Record set:
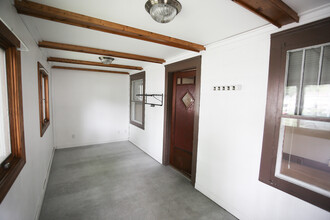 210 Cross St, Unit Upper in North Mankato, MN - Building Photo - Building Photo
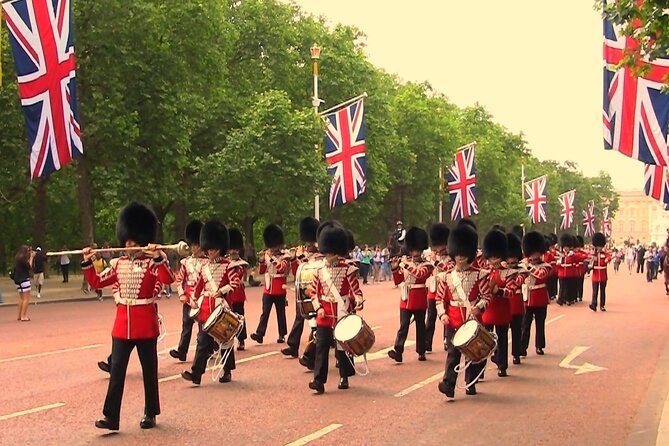 Changing of the Guard & Buckingham Palace Guided Tour Small Group - Meeting Point at Diana Fountain and the 2-Hour Pace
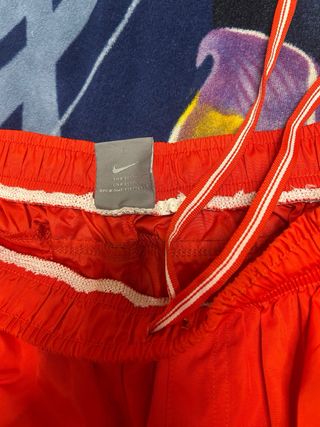 Bermuda deportiva Nike naranja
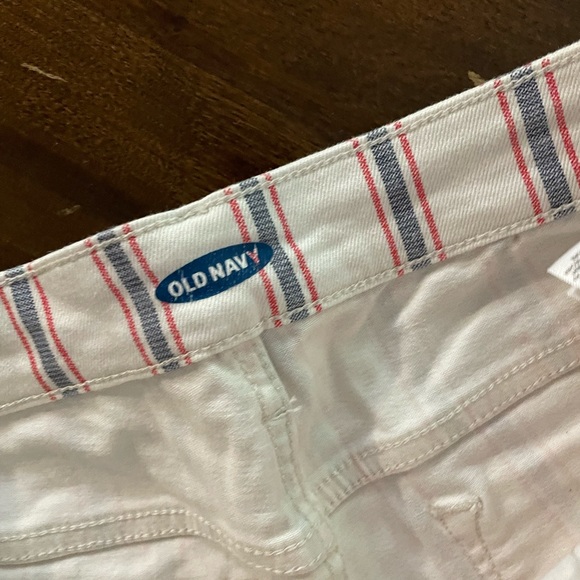 Old Navy Striped Shorts - Picture 6 of 9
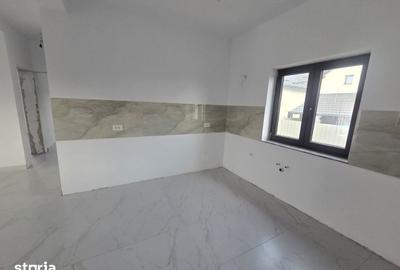 Casă cu 3 camere cu Teren 590 Mp în Sărata - 15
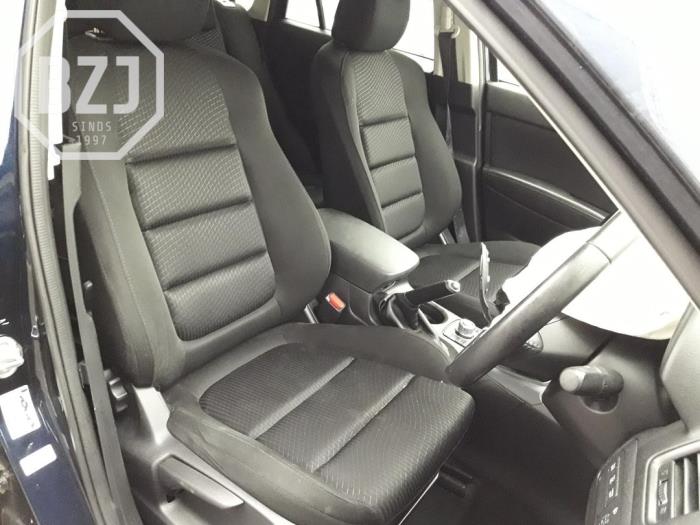 Interieur Bekledingsset van een Mazda CX-5 (KE,GH) 2.2 Skyactiv D 150 16V 4WD 2015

What to work on:
Exactly repeat every line from the line that includes "Old Navy Striped Shorts - Picture 6 of 9" to the end of the listing, and nothing else, leaving pictures out.

Problem solution:
 Old Navy Striped Shorts - Picture 6 of 9
 Casă cu 3 camere cu Teren 590 Mp în Sărata - 15
 Interieur Bekledingsset van een Mazda CX-5 (KE,GH) 2.2 Skyactiv D 150 16V 4WD 2015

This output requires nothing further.